La Stampa 11.6.18
La battaglia dei cieli fra Israele e Hamas
Droni contro aquiloni incendiari a Gaza
di Giordano Stabile
Droni
contro aquiloni. Lo scontro lungo la Striscia di Gaza mette in scena
una sfida inedita, fra l’inventiva palestinese e l’alta tecnologia
israeliana.
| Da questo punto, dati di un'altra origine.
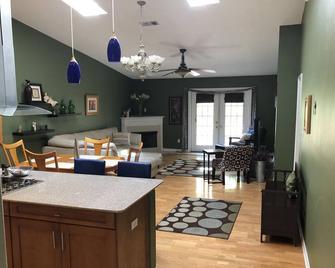 Quiet Family Townhouse - Tallahassee - Living room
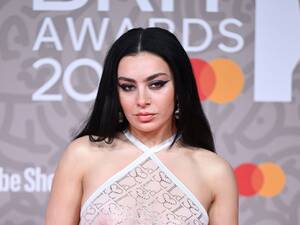 celeb see thru big nipples - 50 Best Celebrity Nip Slips - Celeb Nip Slips in Public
La disparità di mezzi fra i militanti palestinesi e uno dei
più potenti eserciti del mondo ha spinto Hamas e altri gruppi a
utilizzare tecniche di guerra sempre meno convenzionali, come, ultima in
ordine di apparizione, una galleria che sbucava nel mare, pronta per
essere utilizzata dagli «incursori» palestinesi, distrutta dalle forze
armate israeliane una settimana fa.
Ma ora, più che i tunnel
d’attacco, sono gli aquiloni incendiari a mettere in difficoltà Israele.
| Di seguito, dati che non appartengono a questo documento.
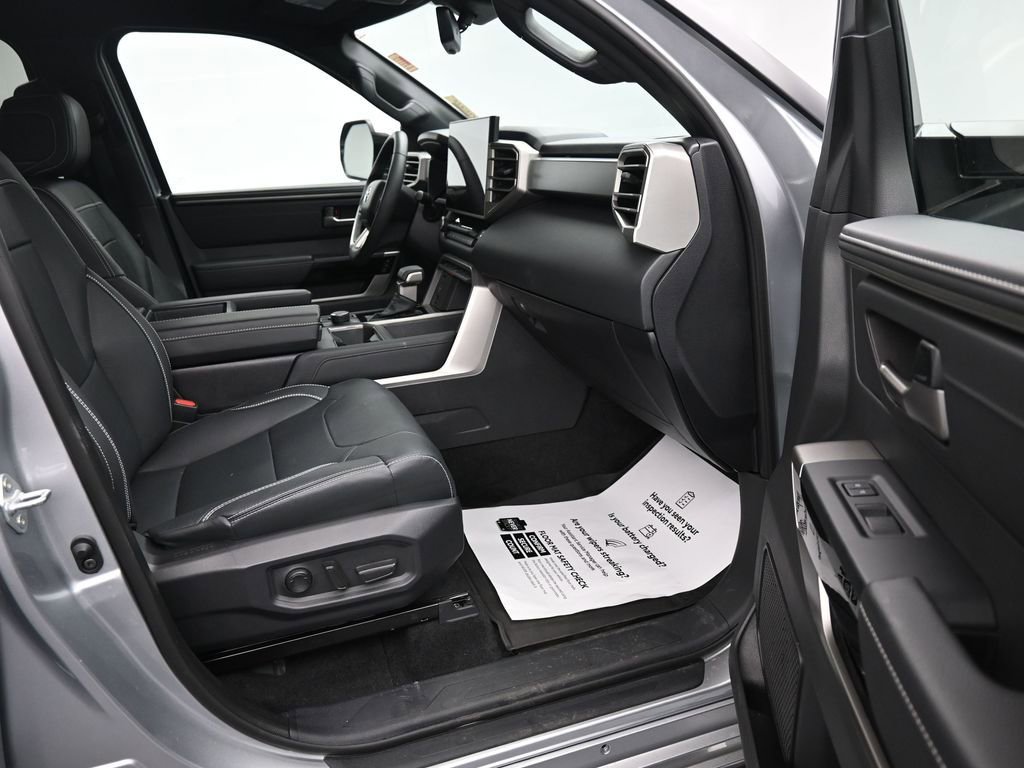 Used 2026 Toyota Tundra Limited AWD/4WD image 13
In un Paese arido basta poco ad appiccare incendi devastanti e gli
aquiloni possono essere lanciati a sorpresa, da qualunque posto,
richiedono una sorveglianza capillare lungo decine e decine di
chilometri di confine.
Finora le «intercettazioni», con fuoco da
terra o da droni armati, si sono rivelate poco efficaci e almeno un
terzo degli aquiloni è riuscito a passare le linee e a causare incendi.
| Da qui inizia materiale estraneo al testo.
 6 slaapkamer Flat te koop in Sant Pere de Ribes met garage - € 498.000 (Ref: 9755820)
Ieri per la prima volta l’esercito israeliano ha cambiato tattica e ha
usato droni di sorveglianza, armati con un cannoncino, per individuare i
lanciatori e bloccarli. Uno ha sparato «colpi di avvertimento» contro
un gruppo che si preparava al lancio. Non ci sono state vittime ma i
giovani hanno dovuto desistere. L’esercito ha avvertito che «le regole
di ingaggio» sono cambiate e ora l’uso di aquiloni o palloni incendiari è
considerato «una grave violazione» e pertanto «agirà di conseguenza».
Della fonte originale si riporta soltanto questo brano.